Tested and discovered between two machines with fairly recently updated debian unstable running rsync 2.6.2-2. I've been trying to rsync a large 7gig file across a slow network connection during off-peak hours, and came across a nasty bug in rsync relating to 32-bit rollover of the file size. I was restarting the rsync every night, and killing it every morning, and expected to eventually get the whole file. But much to my surprise, it never did seem to get anywhere, though when it was restarted, it seemed to be working fine. Unless the started rsync is allowed to complete the data transfer of all data past 4gig in a single run, rsync will never be able to complete this transfer. A verbose output of the start of a test rsync that makes the problem apparent follows: > rsync -avvvP --bwlimit=30 test2:bigtestfile ./ opening connection using ssh test2 rsync --server --sender -vvvlogDtpr --bwlimit=30 --partial . "bigtestfile" receiving file list ... server_sender starting pid=22545 [sender] make_file(bigtestfile,*,2) [sender] expand file_list to 131072 bytes, did move recv_file_name(bigtestfile) received 1 names 1 file to consider recv_file_list done get_local_name count=1 ./ recv_files(1) starting generator starting pid=25013 count=1 delta transmission enabled recv_generator(bigtestfile,0) send_file_list done send_files starting generating and sending sums for 0 count=56894 rem=56488 blength=56888 s2length=4 flength=3236585472 Killed by signal 2. The interesting thing is that the actual file size on both ends is 7531552768, but the size claimed by rsync is exactly 4gig less than that, which is also the remainder of the size that fits in a 32bit unsigned int, which looks like a 32bit rollover or var size error. I will happily provide any further information or try fixes.

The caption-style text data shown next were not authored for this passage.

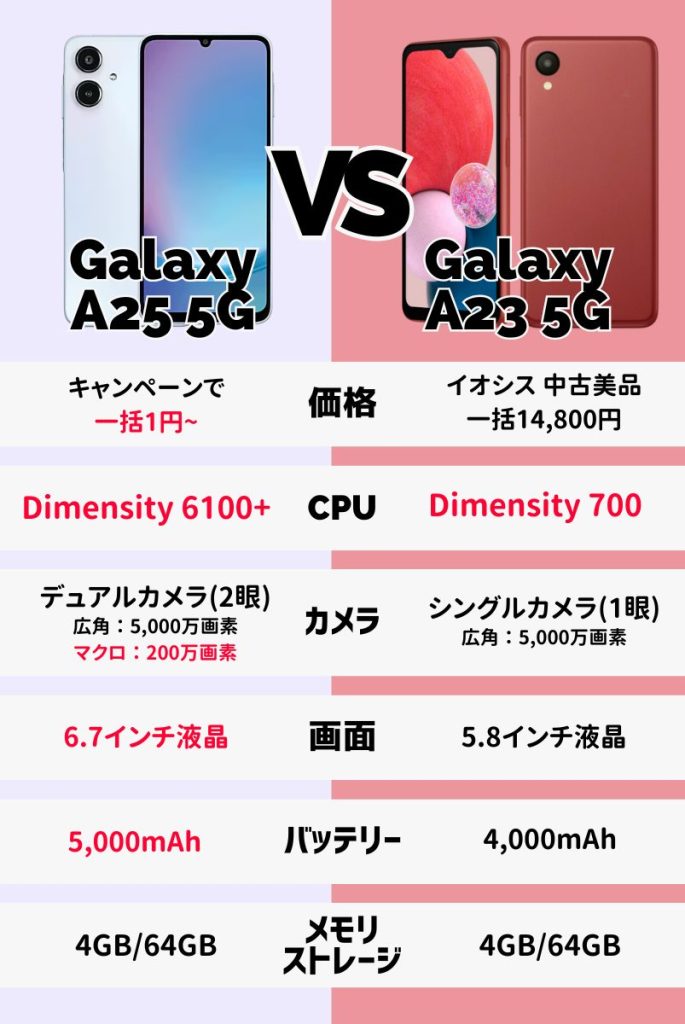 Galaxy A25 5GとGalaxy A23 5Gの違いを価格・スペックで比較
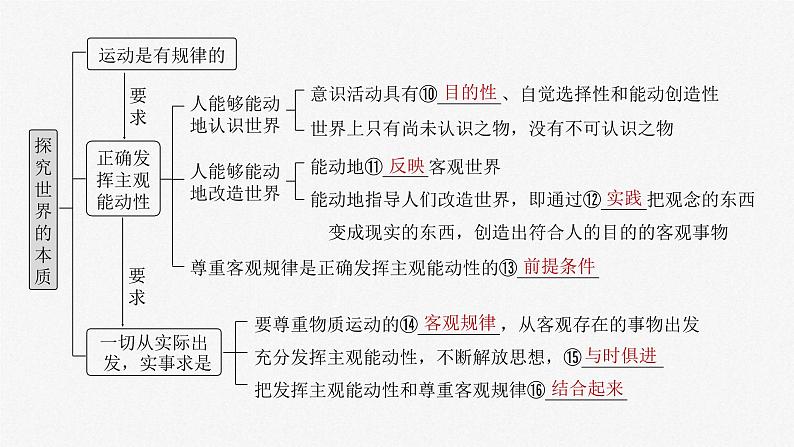 新高考政治一轮复习讲义课件必修４ 第十八课　课时一　世界的物质性与规律的客观性（含解析）05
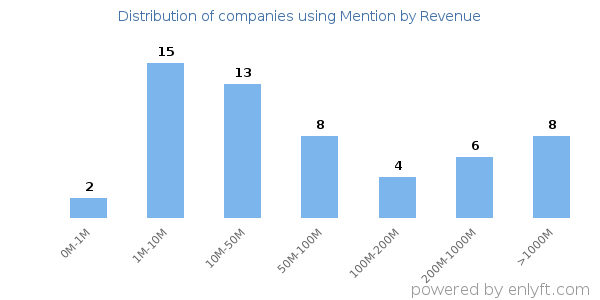 Mention clients - distribution by company revenue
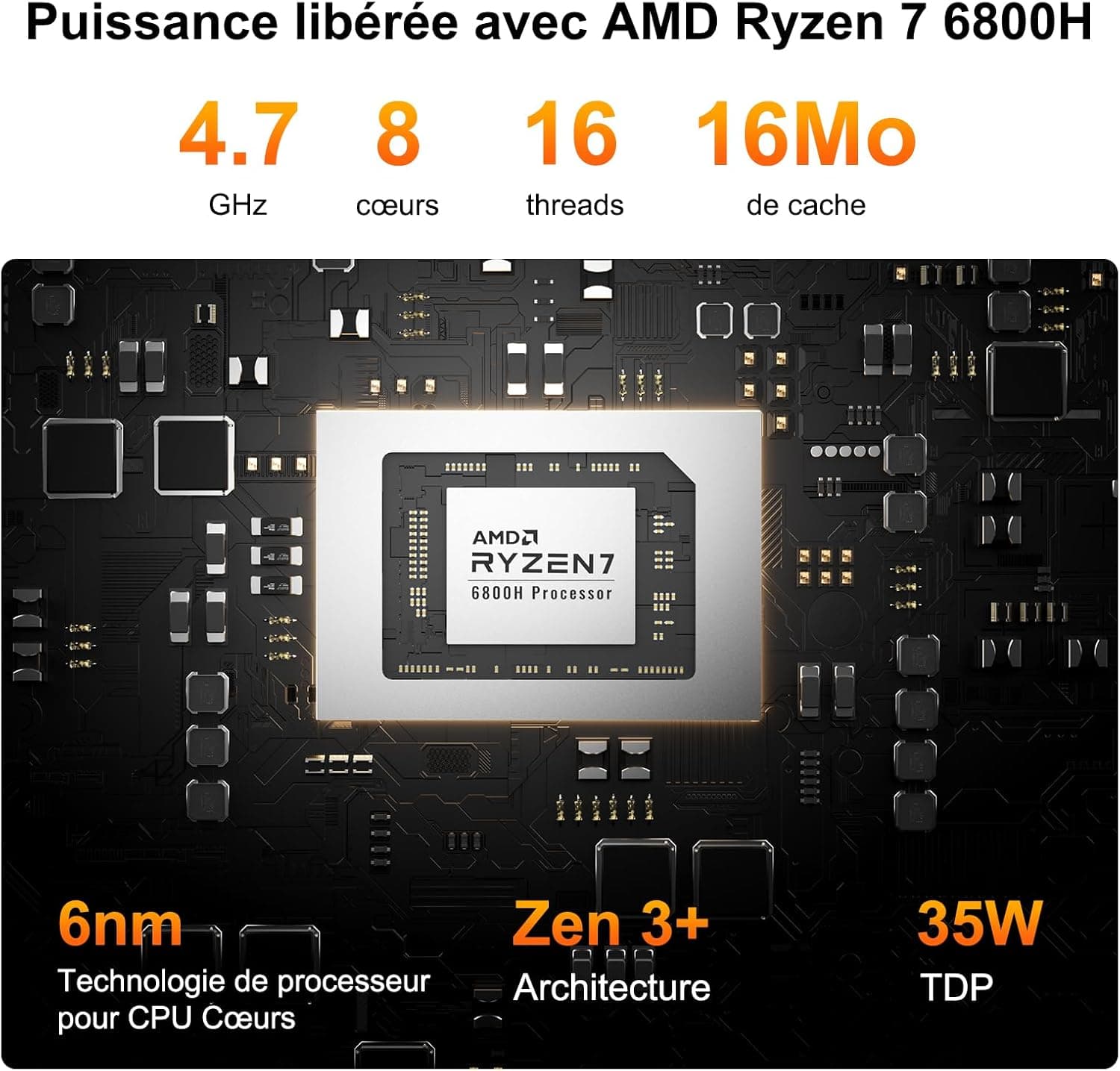 GEEKOM A6 Business Mini PC avec AMD Ryzen 7 6800H, 16Go DDR5 RAM(Évolutif)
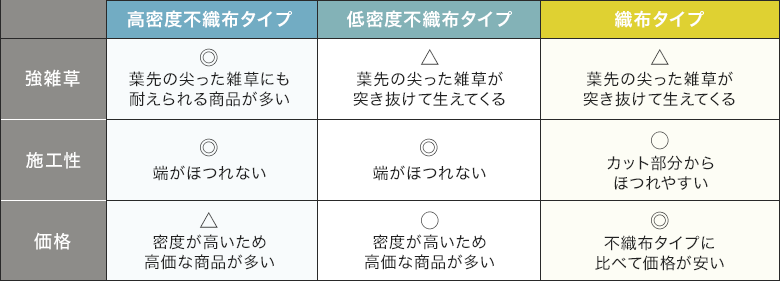 不織布・織布防草シートの比較まとめ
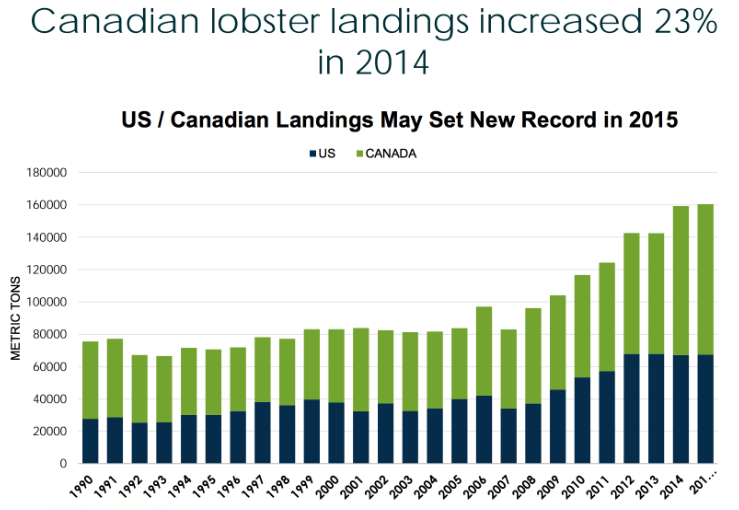 CANADA Med verdens lengste kystlinje, produserer Canada nærmere 1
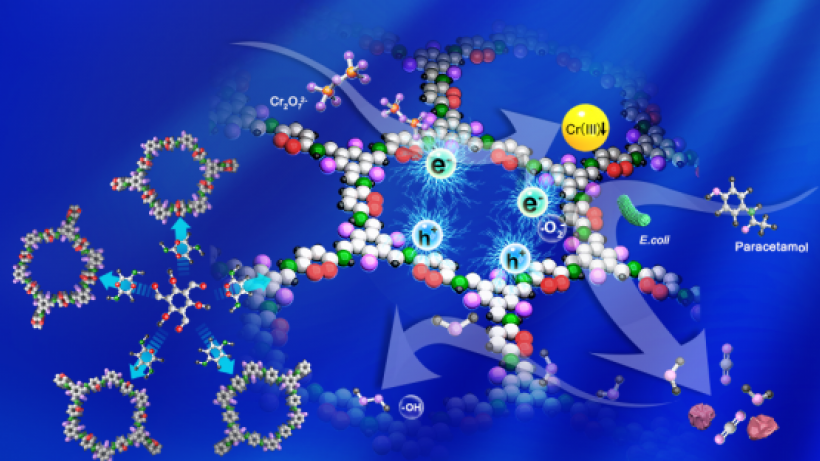 Tunable Covalent Organic Frameworks with Different Heterocyclic Nitrogen Locations for Efficient Cr(VI) Reduction, Escherichia coli Disinfection, and Paracetamol Degradation under Visible-Light Irradiation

Your bug report made the problem easy to find. I've checked in a fix to CVS, but you can fix your current source by changing the "size_t" to "OFF_T" in the generate_and_send_sums() function in generator.c. It should look like this: static void generate_and_send_sums(struct map_struct *buf, OFF_T len, int f_out) Then, recompile, install, and the problem should be gone.

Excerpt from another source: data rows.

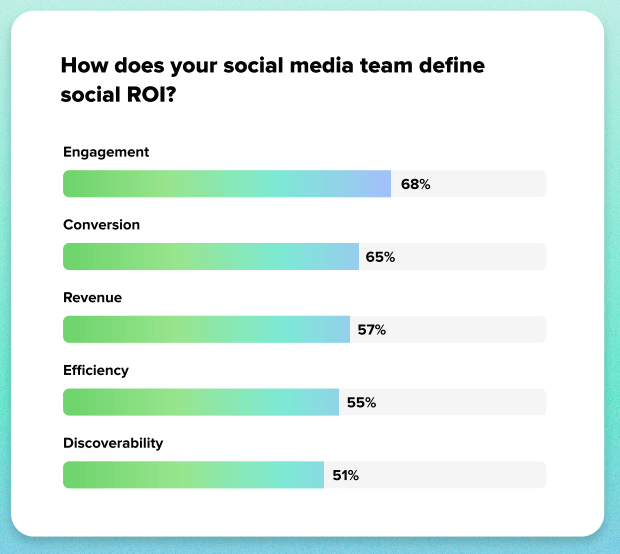 ROI metric data from the 2025 Impact of Social Media Marketing report by Sprout Social 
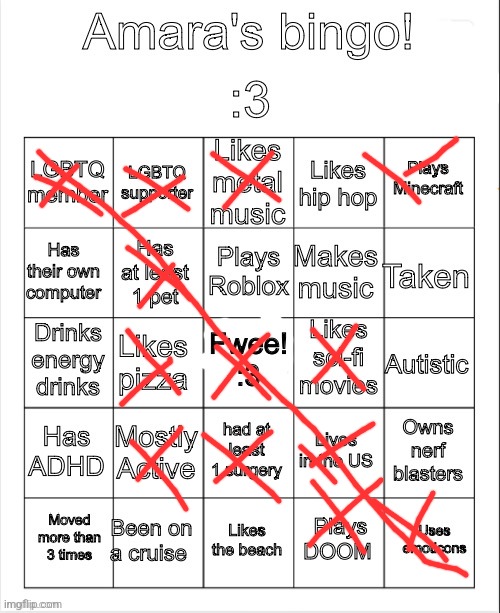 The surgery is from the time I died btw | image tagged in amara's bingo | made w/ Imgflip meme maker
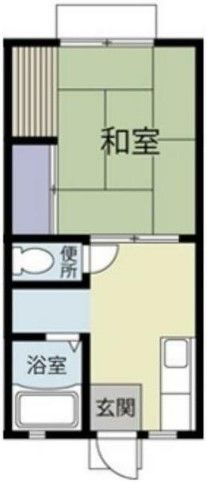 アネックス生麦の間取り写真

I was getting bitten by the same bug, im my case a 4.1GB file rolling over in 100MBs. I've applied the patch and the problem in generate_and_send_sums is indeed fixed, but it appears to have just moved onto another much graver bug which causes nothing to get transfered: rsync rsync.planetmirror.com::fedora/linux/core/test/2.90/i386/iso/FC3-test1-i386-DVD.iso -azvvv . opening tcp connection to rsync.planetmirror.com port 873 Welcome to PlanetMirror's rsync service. You can find a web front end to this archive at: http://planetmirror.com You can also access this service via FTP at ftp://ftp.planetmirror.com If you are a regular PM user, please consider supporting PM by subscribing to a Premium or PremiumDownload account via the web front end. receiving file list ... recv_file_name(FC3-test1-i386-DVD.iso) received 1 names done recv_file_list done get_local_name count=1 . recv_files(1) starting generator starting pid=2243 count=1 delta transmission enabled recv_generator(FC3-test1-i386-DVD.iso,0) generating and sending sums for 0 count=66400 rem=4729 blength=66384 s2length=4 flength=4407835945 generate_files phase=1 recv_files(FC3-test1-i386-DVD.iso) FC3-test1-i386-DVD.iso recv mapped FC3-test1-i386-DVD.iso of size 4407835945 rsync: connection unexpectedly closed (89 bytes read so far) rsync error: error in rsync protocol data stream (code 12) at io.c(359) _exit_cleanup(code=12, file=io.c, line=359): about to call exit(12) rsync: connection unexpectedly closed (69 bytes read so far) rsync error: error in rsync protocol data stream (code 12) at io.c(359) _exit_cleanup(code=12, file=io.c, line=359): about to call exit(12) (In reply to comment #1) > Your bug report made the problem easy to find. I've checked in a fix to CVS, > but you can fix your current source by changing the "size_t" to "OFF_T" in the > generate_and_send_sums() function in generator.c. It should look like this: > > static void generate_and_send_sums(struct map_struct *buf, OFF_T len, int f_out) > > Then, recompile, install, and the problem should be gone.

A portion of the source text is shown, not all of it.